The bank’s precious metals business is organized under its foreign exchange and investment banking arms, according to UBS’ 2013 annual report. They offer trading, investing and hedging to clients across gold, silver, platinum and palladium.
“Our presence in physical and non-physical precious metals markets has endured for almost a century,” reads the report. Bank balance sheets showed that UBS held 8.5 billion Swiss francs ($9.7 billion) in trade portfolio assets made of precious metals and other physical commodities at the end of 2013. That’s a fraction of its trading portfolio of 106 billion Swiss francs.
“A number of authorities also are reportedly investigating potential manipulation of precious metals prices,” reads the report. “UBS has taken and will take appropriate action with respect to certain personnel as a result of its ongoing review.”
Regulators including Germany’s BaFin and the UK’s Financial Conduct Authority have been investigating the London gold price fix, a global benchmark for gold prices set twice daily in a call with banks. Those banks include Barclays PLC (LON:BARC), HSBC Holdings PLC (LON:HSBA) and Societe Generale SA (EPA:GLE).

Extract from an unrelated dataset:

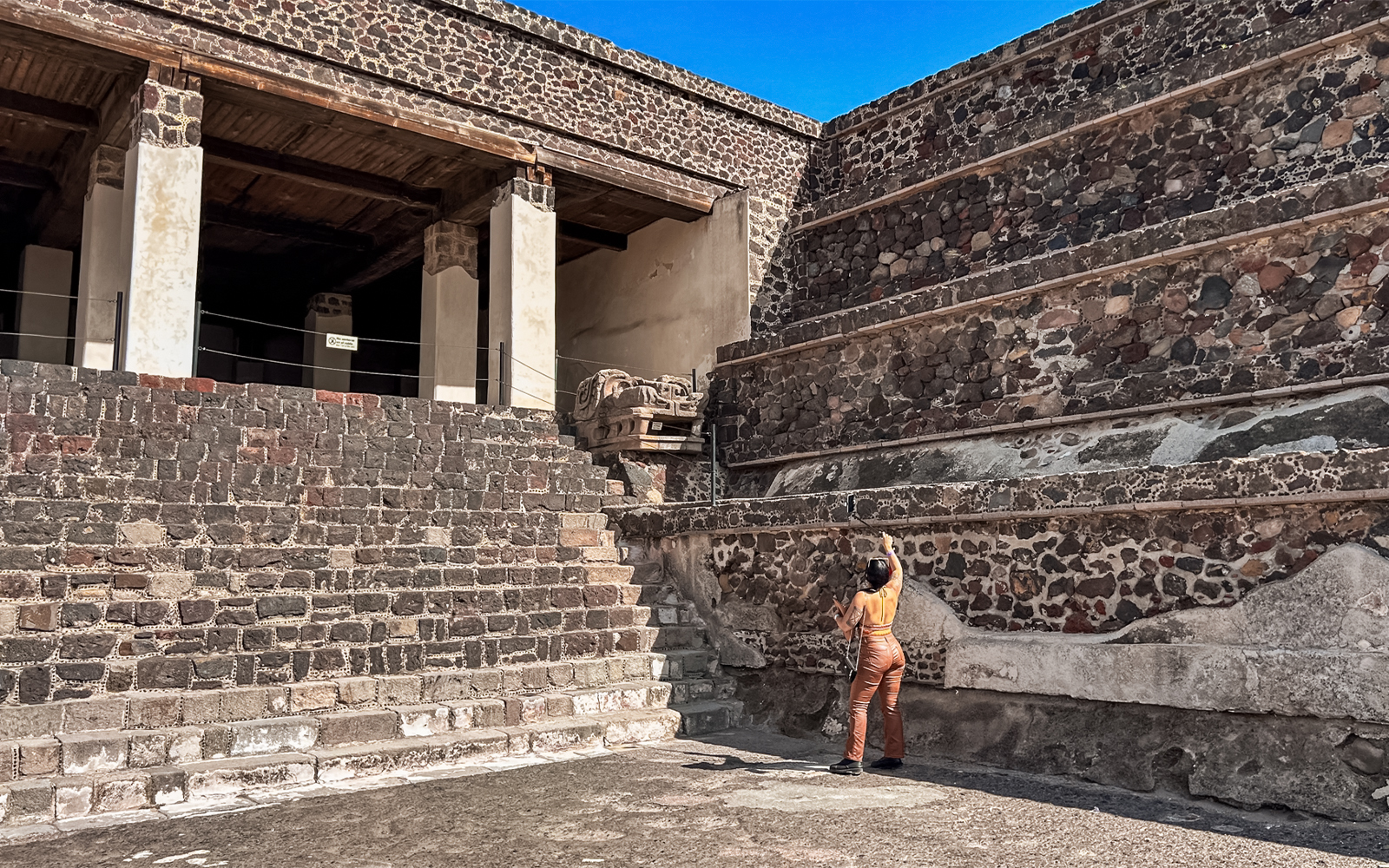 Entrance to the Palace of Quetzalpapalotl with stone walls and columns in Teotihuacan.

Precious metals trading is a relatively minor business for many banks. UBS, Goldman Sachs Group Inc. (NYSE:GS), Credit Suisse Group AG (VTX:CSGN), and JPMorgan Chase & Co. (NYSE:JPM) each made less than $200 million in annual precious metals trading revenue, according to data from Tricumen Ltd.
Separately, Hong Kong’s Monetary Authority said last week that UBS traders attempted to rig Hong Kong’s interbank lending rate – the HIBOR – and asked UBS to punish against relevant employees.
The foreign exchange rate investigations and commodity and currency investigations are seen as interlinked by global regulators, as revelations about the former sparked interest in the latter.